Second Cairo factory tragedy in a month shows need for international safety agreement

Last week, according to reports, at least 8 people died and 29 were injured when a ten story building housing a garment factory collapsed on them in the early morning. Clean Clothes Campaign offers condolences to the victims and their family and calls for an international binding agreement on factory safety that holds brands, retailers, and factory owners accountable. 

The tragedy follows a building safety incident less than three weeks earlier, also near Obour City in the east of Cairo.  This report from Roya News says eyewitnesses revealed that cracks appeared in the building two days before the collapse, and some of its residents left, while the vast majority remained because of the lack of alternative housing. The workers of the garment factory housed in the building all slept inside. After the collapse, the report says, the Cairo governorate formed a committee to investigate the cause of the incident.

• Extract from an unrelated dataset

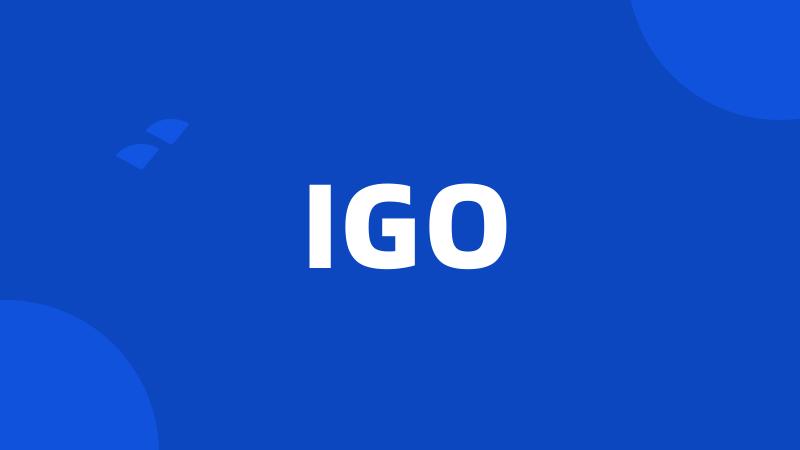 IGO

“Without enforceable agreements with the brands who purchase the goods these workers make, it will remain sheer impossible to trace back the affected factories to the brands that were manufactured in this building and hold them to account. The voluntary initiatives of the past have given us ample examples of failure: if brands truly want justice for the people making their clothes there needs to be greater transparency and legally binding agreements that make factories safer,” says Ineke Zeldenrust. “In absence of that, we are again asking people to go through the rubble in search for labels to establish which brands need to take responsibility.”

The need for a binding international agreement on safety

The tragedy shows the need for concerted efforts in the industry to improve factory safety and healthy workplace conditions. The collapse of the Rana Plaza building in Bangladesh in 2013, killing over 1,100 workers, led to a binding and enforceable system that has improved factory safety for over 2 million workers in that country. Currently, unions and labour rights organisations are calling for this programme to turn into an international binding agreement, that could be used to implement and enforce the same levels of health and safety in garment supply chains in other countries around the world.


Clean Clothes Campaign calls upon the brands and retailers who sourced from the two factories in Egypt where workers were killed in the past month, to provide full and fair compensation to the families who lost loved ones and injured workers. Furthermore, it is urgently needed for brands and retailers to negotiate and join a legally binding agreement on health and safety in the workplace, to ensure that the programme in Bangladesh remains binding and to open up the opportunity to cover other garment producing countries such as Egypt.